WHAT IS BEING ASKED –
In the data below, find the line with "Garnì Tofana, hotel di Corvara in Badia" and the line with "AVIZAR Samsung Galaxy", then restate both and every line between them exactly, minus the pictures.

[Image-caption web data]
○ ○ ○ ○ ○
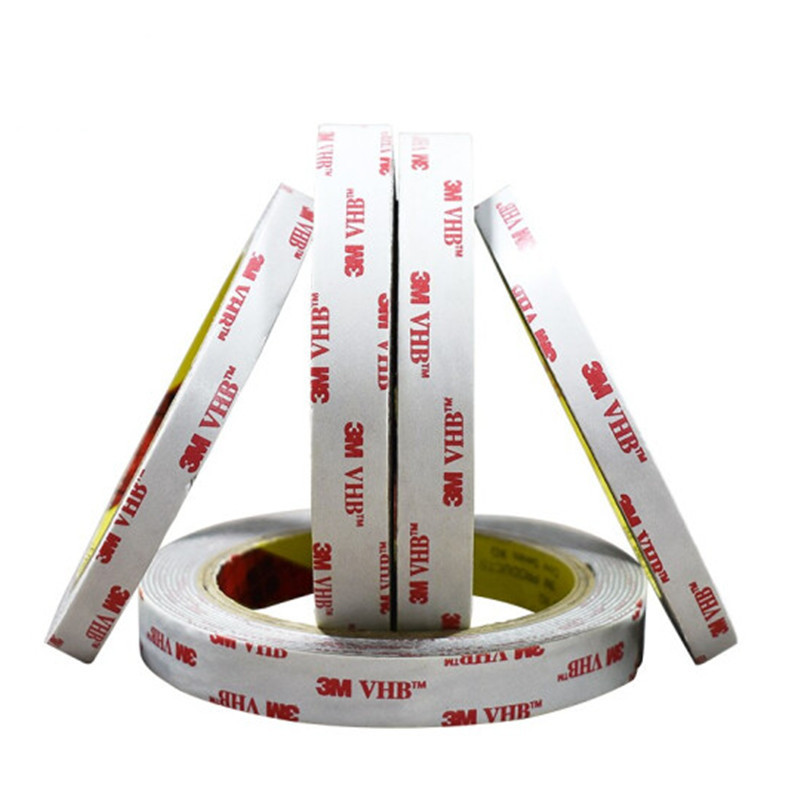 透明双面胶带批发 焊接金属粘接专用泡棉胶 美国3M4941双面胶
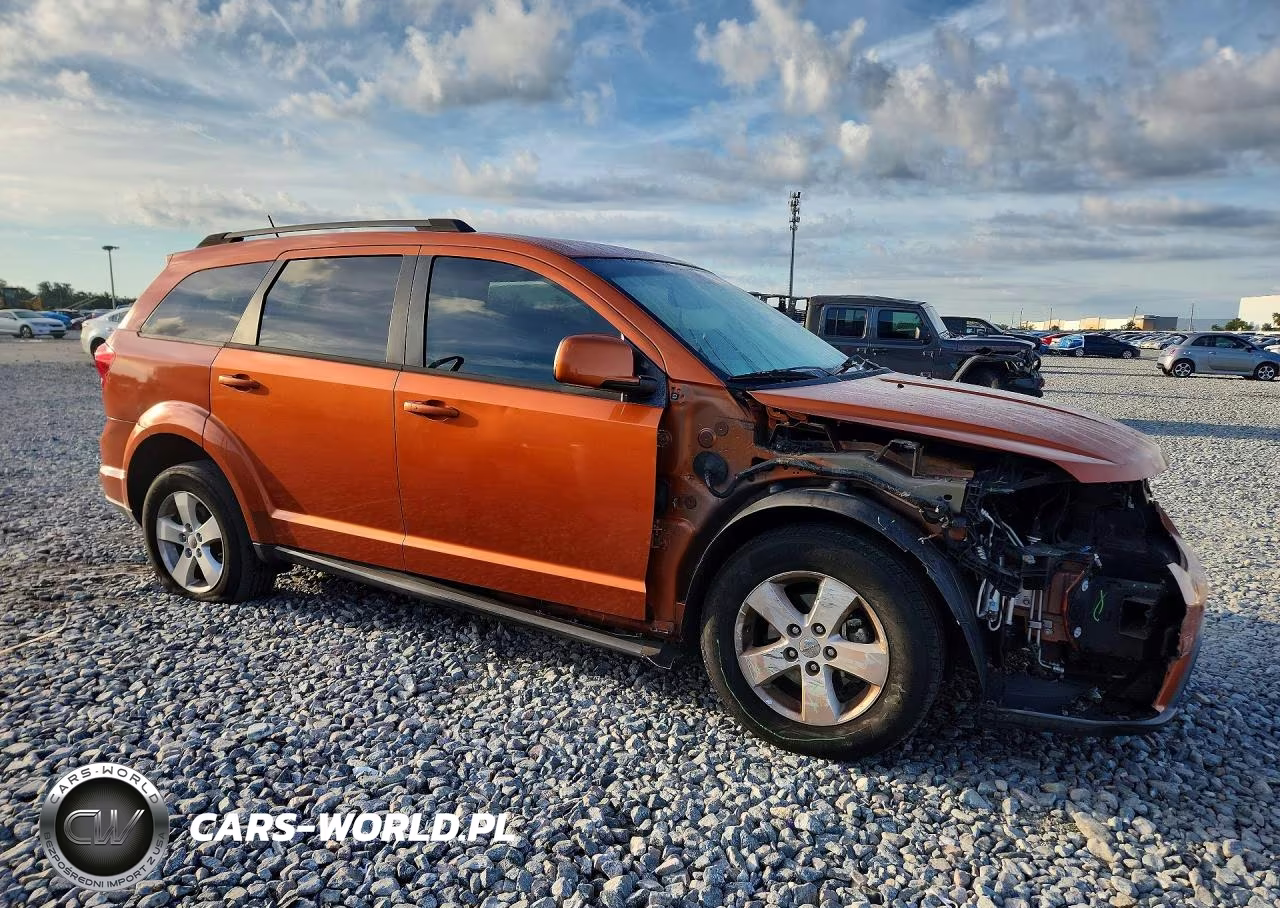 2011 Dodge Journey Mainstreet VIN:3D4PH1FG6BT562494 - 4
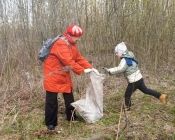 Акция по глобальной уборке мусора «Зробим»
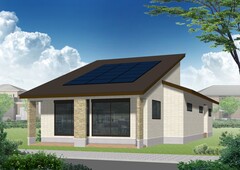 鹿島展示場　〈住まいの勉強会〉平屋スキップフロア勾配天井の家 オーナー様邸見学会のメイン画像
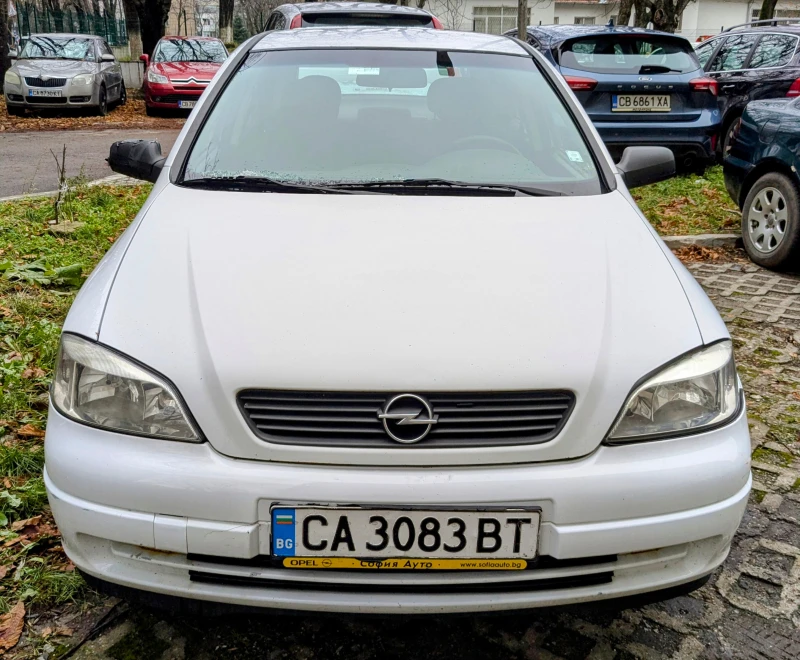 Opel Astra G, снимка 2 - Автомобили и джипове - 48286013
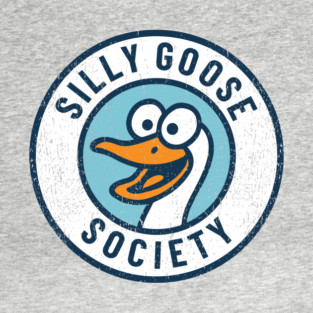 Silly Goose Society Honk Squad Meme T-Shirt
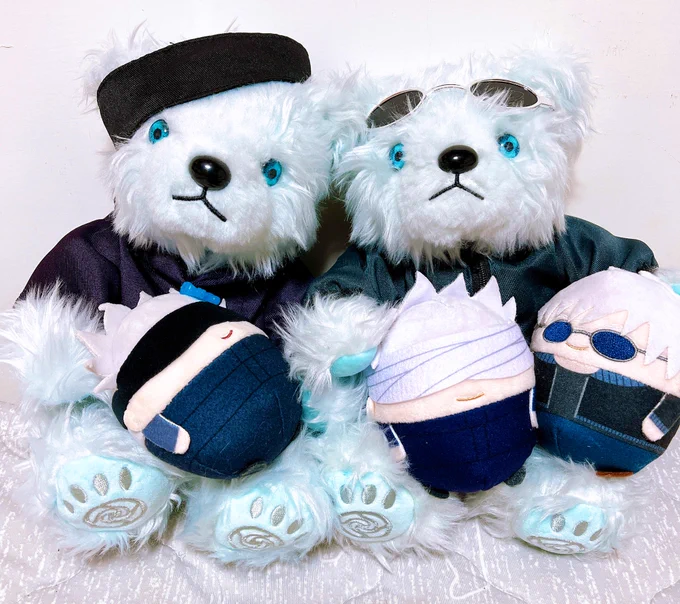 ごじょベアとふわ 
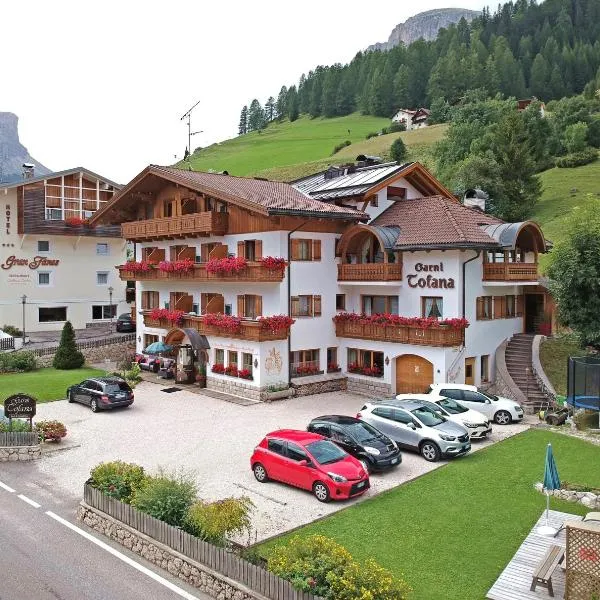 Garnì Tofana, hotel di Corvara in Badia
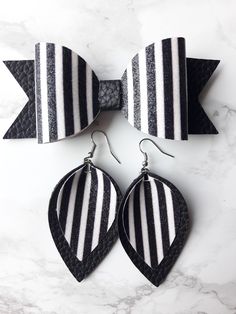 Fabric Sheets for Bows Bow Making diy planner STRIPE Chunky Glitter Sheets Earring Making Glitter Sheets
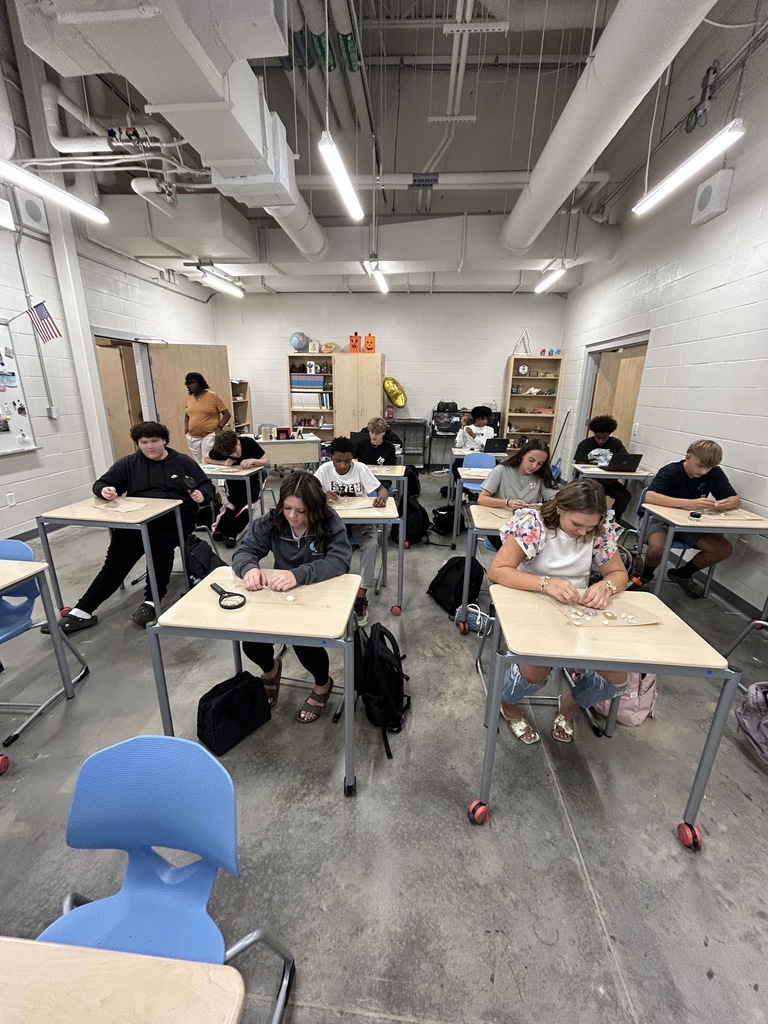 students dissecting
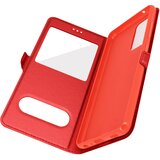 AVIZAR Samsung Galaxy A52, A52 5G in A52s Window Case Quick Release in funkcija podpore za video - rdeca, (20629680) | Shoptok.si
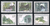 Timbres de chine. Paysage du mont Emis, émis en 1984. Réf 2694 à 2699 neufs les 6 valeurs. Commentaire. Timbres de Chine. Temple Baoguo.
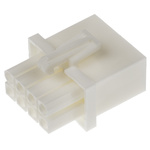 TE Connectivity Wire to Wire Connector Plug, 9A, 600 V ac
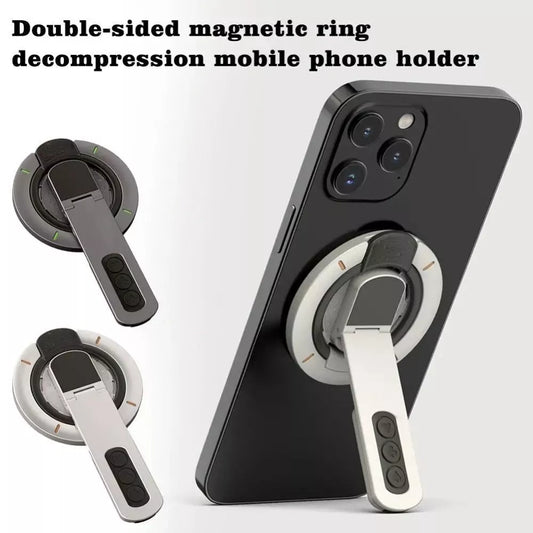 Magnetic Phone Holder Double-sided Mobile Phone Stand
○ ○ ○ ○ ○
EXERCISE SOLUTION –
 Garnì Tofana, hotel di Corvara in Badia
 Fabric Sheets for Bows Bow Making diy planner STRIPE Chunky Glitter Sheets Earring Making Glitter Sheets
 students dissecting
 AVIZAR Samsung Galaxy A52, A52 5G in A52s Window Case Quick Release in funkcija podpore za video - rdeca, (20629680) | Shoptok.si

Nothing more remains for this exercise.